2. **The code above showed that there is one duplicated entry, so the next step will be to drop the duplicated entry**

In [None]:
df.drop_duplicates(inplace = True)

3. **The next thing, I removed some columns that contains data that I will not use for my project. These columns are-: imdb_id, homepage, tagline, overview, cast, director, production_companies, keywords, budget, revenue and release_date.**

In [None]:
df.drop(['imdb_id','homepage','budget','revenue','tagline', 'cast', 'director', 'production_companies', 'overview','release_date','keywords'], axis=1, inplace=True)

In [None]:
df.info()
df.head(2)

4. **The next think I dropped all the rows with missing values and zero values so that I remain with only rows with all data**

In [None]:
#remove rows with null values
df.replace(0, np.nan, inplace=True)
df.dropna(axis = 0, inplace = True)
df.shape

<a id='eda'></a>
## Exploratory Data Analysis

Before I start to answer the questions I would create a function to put in some repetitive code that will occur in the source code.

In [None]:
def drawScatterPlot(x_values, y_values, plot_title):
    df.plot(x=x_values, y=y_values, title=plot_title, kind='scatter', color='blue' )
    plt.show()

### Research Question 1
**What is the relation betwen the revenue and vote average?**

In [None]:
drawScatterPlot('vote_average', 'revenue_adj', 'Vote Average vs Revenue')

The result indicates that there is a positive correlation between revenue and vote average, which suggests that movies that are highly rated by viewers have more revenue than their counterparts.

### Research Question 2
**Which movie has the longest runtime in the data set?**

In [None]:
df_longest = df[df.runtime == df.runtime.max()]
print(df_longest)


The analysis reveals that the longest movie is called `Carlos` which has a runtime of `338` minutes

### Research Question 3
**Which movie has the shortest runtime in the data set?**

In [None]:
df_shortest = df[df.runtime == df.runtime.min()]
print(df_shortest)

The result indicates that the shortest movie is `Kid's Story` which has a runtime of `15` minutes.

### Research Question 4
**In which year were the most movies released?**

In [None]:
plt.figure(figsize=(30,10))
sns.countplot(df['release_year'])
plt.title('Movies by year')
plt.xlabel('Year')
plt.ylabel('Quantity')
plt.show()

The analysis shows that most movies were released in `2011`.

### Research Question 5
**Which runtime range has the most sold copies of movies?**

In [None]:
df.groupby('runtime')['revenue_adj'].mean().plot(kind='line');
plt.title('Revenue vs Runtime')
plt.ylabel('Revenue $')
plt.xlabel('Runtime')
plt.show()

The analysis shows that movies which sold most copies has a runtime of `180` to `190` minutes.

### Research Question 6
**Do movies with higher expenditures also receive higher user rating?**

In [None]:
drawScatterPlot('vote_average', 'budget_adj', 'Vote Average vs Expenditures')

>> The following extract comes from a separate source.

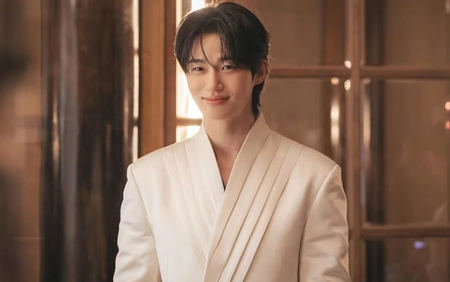 Byeon Woo Seok: Câu chuyện "nở muộn" hiếm có của màn ảnh Hàn Quốc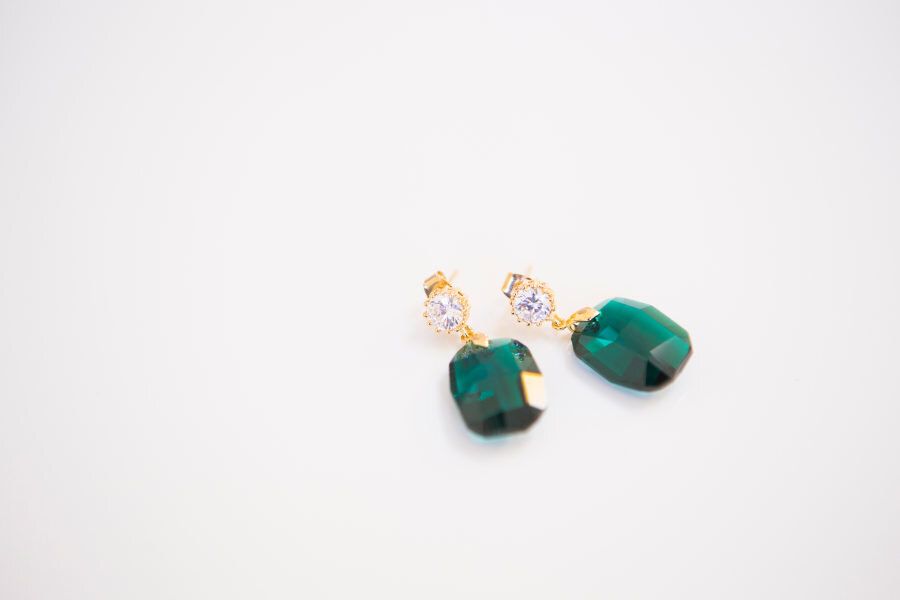 Green emerald earrings for the bride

This scatter plot illustrates a positive correlation, which means that movies where higher costs were incurred are also rated high by users.

<a id='conclusions'></a>
## Conclusions

> In this project, I was able to analyze the movie dataset, by assising the qualities, attributes and properties that are associated with movies provided. After gathering the data, I went on to clean and trim the dataset by removing zero and duplicated values and other columns which were irrelevant to my research questions.

> Then I answered the few of the questions I had, using pandas. I also plotted a few charts to visualize the results. The main attribute I used in the plots was `vote_average`. In those visualization I discovered that-: a. movies where higher costs were incurred are also rated high by users, b. movies that are highly rated by viewers have more revenue than their counterparts.

## Limitations
* There were many rows with columns with zero values which I dropped which casued me to loose 50% of the dataset. This means that the results I came up may not fully represent the whole dataset. If all values were thee it would have been more accurate.
* This dataset is not really an adequate representation of the movies industry since there are many movies which were released from other countries which doesnt appear in the dataset.

### References
1. [How to add a new column to an existing DataFrame?](https://stackoverflow.com/questions/12555323/how-to-add-a-new-column-to-an-existing-dataframe?rq=1)
1. [How do I get the row count of a Pandas DataFrame?](https://stackoverflow.com/questions/15943769/how-do-i-get-the-row-count-of-a-pandas-dataframe?rq=1)
1. [How do I select rows from a DataFrame based on column values?](https://stackoverflow.com/questions/17071871/how-do-i-select-rows-from-a-dataframe-based-on-column-values?rq=1)